I think you need at least a 3D-body with Poisson's ratio 0.5 to conserve the volume. It wouldn't work, though. Imagine a plane wave: You have deflections proportional to transverse distance, that means arbitrarily large. If you want to simulate this with real, proper acceleration, you have to reduce the frequency accordingly to zero.
I could imagine a quadrupole deformation propagating along a tube, but I'm not sure about this.

 

[m4r35n357]

The basic question was inspired by some other recent threads on the "fabric of space". If we imagine a 2-d spatial rubber sheet, how closely can we make its vibrational modes compare to gravity waves (in the limit of non-relativistic velocities).

It's well known that gravity waves locally stretch in one direction and compress in the other, I would assume this would place some constraints on Poisson's ratio of our hypothetical material.

Is this even possible at all, or is the analogy unproductive if we try to take it too seriously?

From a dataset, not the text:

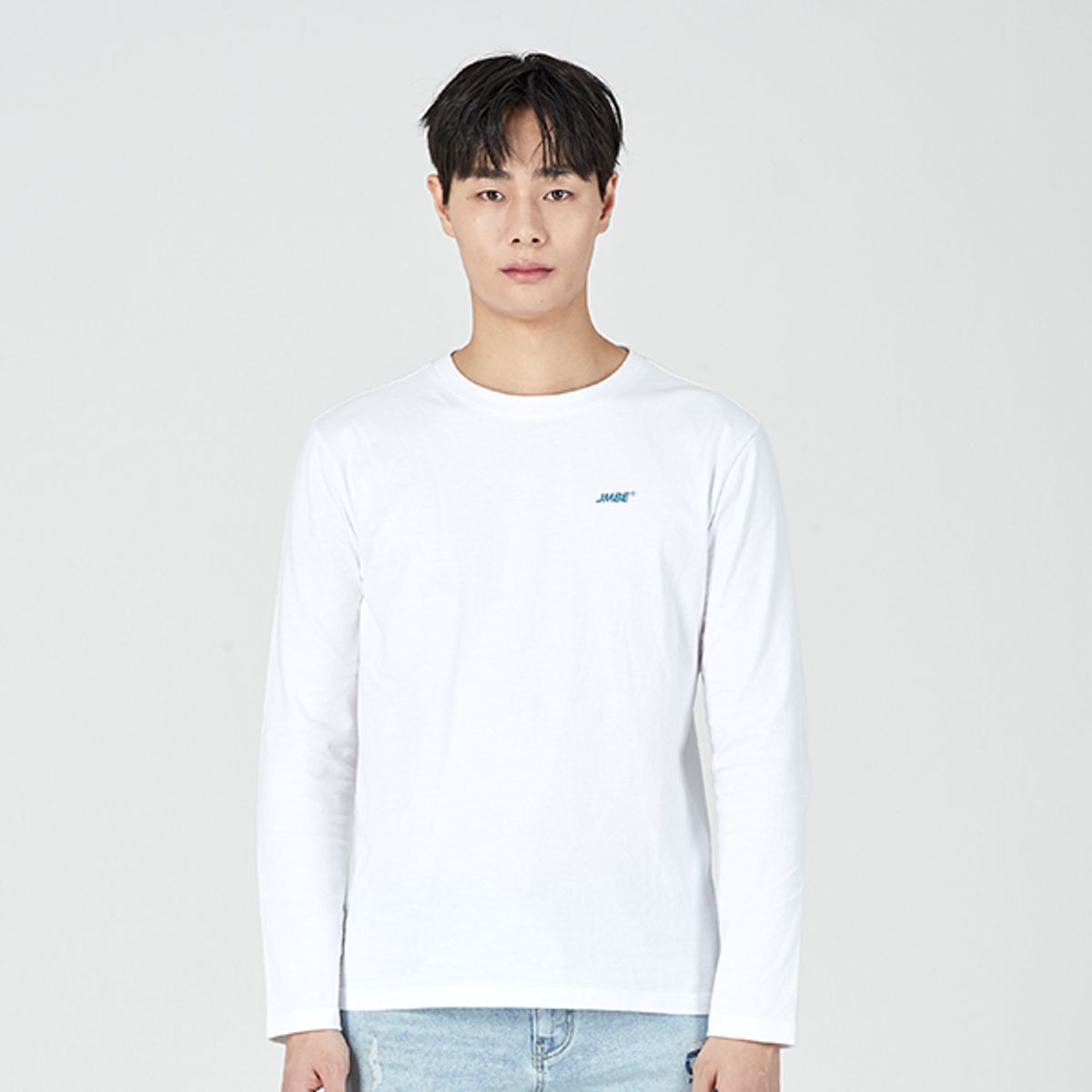 잠뱅이(JAMBANGEE) 공용) 기본 긴팔 티셔츠(스탠다드) _DO1WTS291-WH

As I recall, there are no spherically symmetric gravity waves, but if we drop a pebble on a sheet, we expect as a primary mode spherically symmetric ripples.

http://en.wikipedia.org/wiki/Gravity_wave

Sorry, couldn't resist ;)

 

[haael]

If we imagine a 2-d spatial rubber sheet, how closely can we make its vibrational modes compare to gravity waves

Rubber sheet gets deformed in the dimension perpendicular to the sheet and is a good model of a scalar field.

Sound waves are displacements in the dimension(s) parallel to the sheet, so they are a good model of a vector field.

Gravitational waves are a spin-2 tensor field. The best analogy I saw looks like the metal net used for fences:

Its modes of vibration look a bit like that:

This is the closest analogy of a spin-2 wave I know.

Now if someone could give me a real life analogy of a spinor wave my life will be complete :).